We did something big this month – as in 19,341 feet Mount Kilimanjaro big. It’s hard to top that! (Pun intended.) I use the word “we” loosely. My husband, Bill Koehne, climbed Mount Kilimanjaro while I remained in Abrams at a ridiculously low elevation of 696 feet. I may not have spent eight days climbing a mountain, but I was there in spirit. You see, Bill carried my mini-me Wonder Writer action figure to the summit to remind him of my support and to snap some rare photos of Wonder Writer soaring above the clouds.
Do you have what it takes to climb Kilimanjaro?
For those who don’t live with a mountain climbing fanatic like I do, let me tell you a little about the amazing feat Bill achieved. On July 6, Bill departed O’Hare Airport and on July 7, arrived at Kilimanjaro International Airport 8,000 miles away. Mount Kilimanjaro actually is a dormant volcano and has three volcanic cones. Located in Tanzania in eastern Africa, Kilimanjaro is the highest mountain in Africa. It’s higher than any mountain peak in the U.S. with the exception of Mount McKinley in Alaska. Although Mount Kilimanjaro isn’t a steep climb, summiting the mountain is extremely difficult. Here are a few reasons:
Acclimate to the high altitude
Bill’s group of seven climbed four days before spending two nights at 14,117 feet to let their bodies adjust to the elevation. The next day, they hiked to high camp, called the School Hut, at 15,518 feet to prepare for the summit the following day. One night, Bill’s blood oxygen level fell to 81 percent, which was a concern because levels under 80 end a hiker’s climb. Fortunately, Bill rebounded to an acceptable 93% the following day.

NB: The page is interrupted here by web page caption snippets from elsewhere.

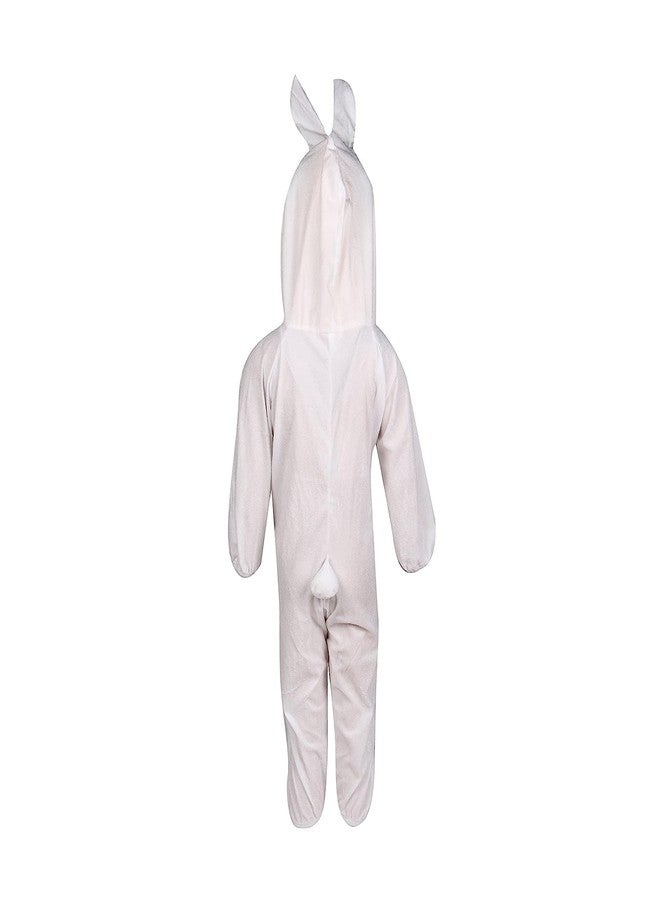Fancy Agents Rabbit animal Costume, Animal Rabbit Dress/Costume for Kids, Fancy Dress for Kid Bird on Wild Animal function, Halloween, School Annual Function, Theme, Cosplay- White/Brown - Image 2
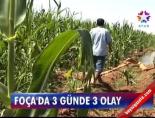Foça'da 3 Günde 3 Olay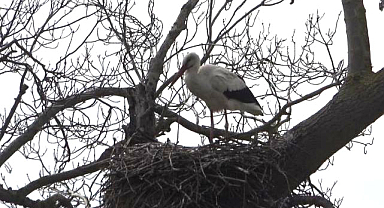 Leylekler Afrika’dan Kızılırmak Deltası'na geldiler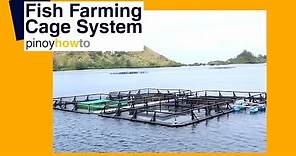 Fish Farming: Fish Farming Cage Systems | Pinoy How To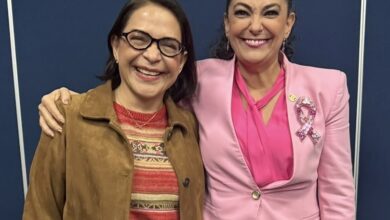 Olga Patricia Sosa Ruiz, senadora por Tamaulipas, planteó revisar las tarifas eléctricas para considerar las altas temperaturas y el mayor consumo de energía de los hogares.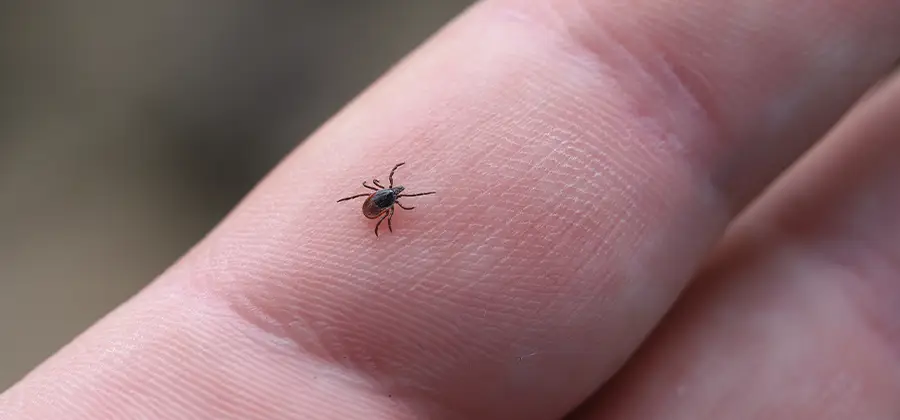Infection Prevention for Bed Bug Bites in Marietta
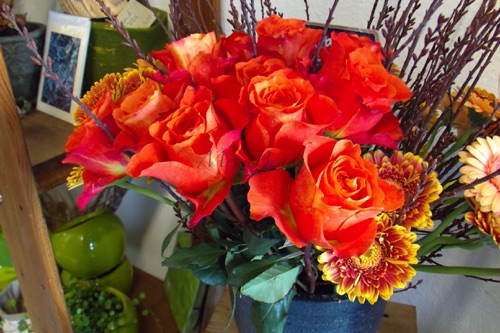 Strahlende Rosen mit Moorbirke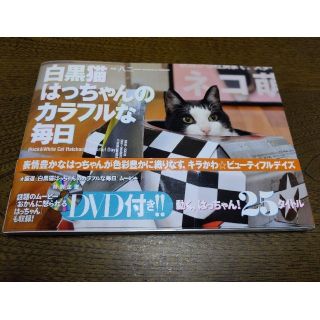 白黒猫はっちゃんのカラフルな毎日☆肉球サイン入り(趣味/スポーツ/実用)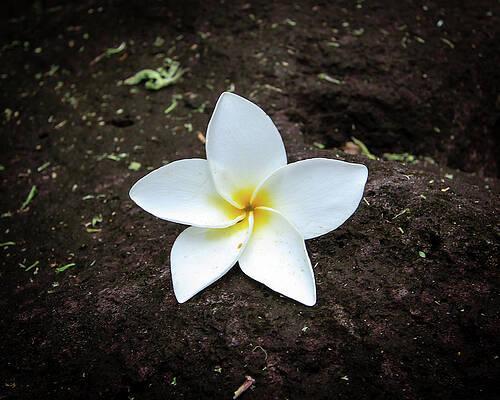Rock Wall Art featuring the photograph Flower On Lava Rock by Craig A Walker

Endure cold, windy sections of the trail
For someone like Bill who detests Wisconsin winters, tenting in 15-degree temps is really uncomfortable. When you add in the rain and the wind, the mountain becomes even more inhospitable. With a sleeping bag liner and hand warmers tucked inside his mummy-shaped sleeping bag, he made the best of it.
Undergo an arduous summit day
The group started the day at 3am and ended the day 11 hours, 20 minutes later. First, they climbed to Gilman’s Point to see extraordinary views from the crater rim at 18,640 feet. After two more hours of hiking, they reached the summit of Uhura Peak at 19,341 feet. You’d never guess what Bill carried to the summit. Because the porters carried his pack, he carried something belonging to his mountain climbing guide – a ukulele in its case. Why a ukulele? His guide Ricardo, a musician, wanted to record a song on at the mountain top. Unbelievable!
Make it home safe and sound
Bill returned home on July 17 after this trip of a lifetime. Wonder Writer made it home, too, with a little volcanic dust on her costume but otherwise in good shape.
Check Mt Kilimanjaro off the bucket list
Bill has had some incredible experiences hiking and climbing in Hawaii, Colorado, France, and Spain. In July 2022, he added Mount Kilimanjaro to his list of accomplishments. I’m amazed by each one! Now when Bill tells me he wants to climb something or hike something, I take him seriously. How does he do it? He tells me it’s as simple as putting one foot in front of the other.